After long musing on George Lakoff... I have concluded:
There are two moralities in the Bible: one good, and one evil.
Well-meaning people can support either or (probably) both. And feel they are merely standing for everything good and true and right; that's why it makes sense to call both of them "moralities," or 'concepts of morality.'
And the Bible speaks with both voices. Not only can "the Devil quote Scripture;" he wrote a big chunk of it!
Also, as James Kugel says in How to Read the Bible, people have long read the Bible as God's guide to how He wants us to live.
Now the Bible is truly a fun book! But very few of us would be slogging through the gnarly bits if we didn't agree that God, in some sense, has provided this anthology to help us sort out what's what, Who's Who, and where the little 'You are here' mark ought to go...

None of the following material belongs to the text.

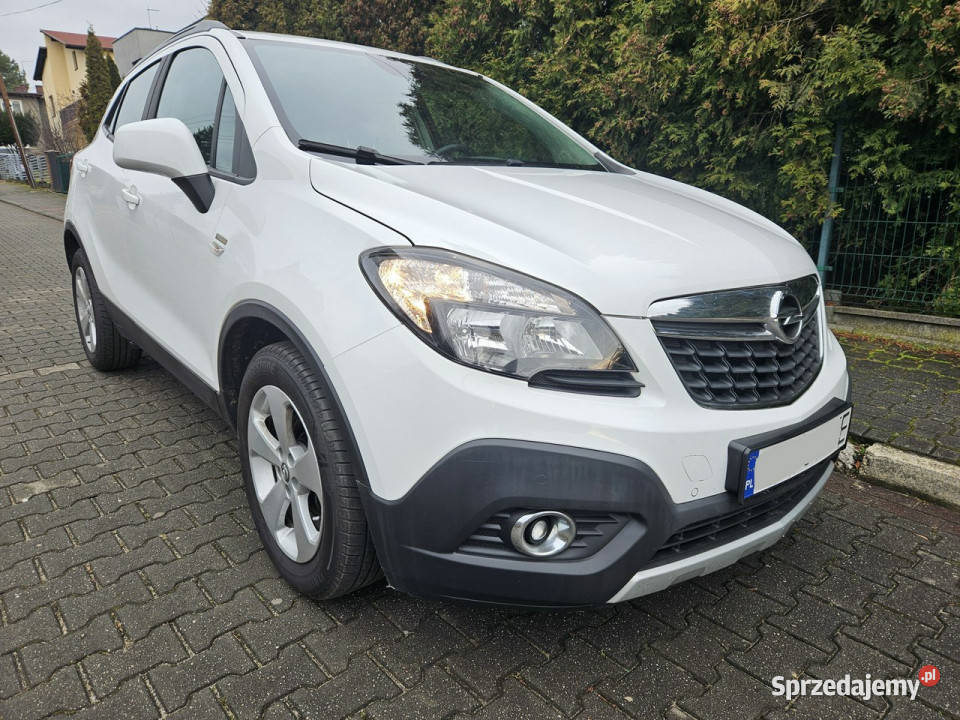 Opel Mokka 4x4 Klimatyzacja Tempomat Podgrzewane czujnik parkowania Ruda Śląska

But it's a book written by human beings, with all the dirty fingerprints this implies. Interpreters can ignore these, bring out wonderful meanings via the belief that everything in there is meaningful and true... but the conjectures and fudge-factors this requires grow like Pinocchio's nose, like the epicycles of Medieval astronomy, like modern "Skeptics'" efforts to deny the power of Spirit.
Everything on this Earth is divinely created, can speak to us at any moment, whether from a Bible or a children's book. So we are constantly needing to practice discernment: 'What Light can I find in this?' vs 'What interpretations of this might mislead me?'
Two moralities. In the world, people assert: "God says this!" vs "God says that"; and in the Bible it is much the same. We might argue texts for some very long time.
But it cannot be denied, that Jesus is condemned and ultimately killed, by a coalition of the pious and the powerful. And it is Jesus whom God vindicates.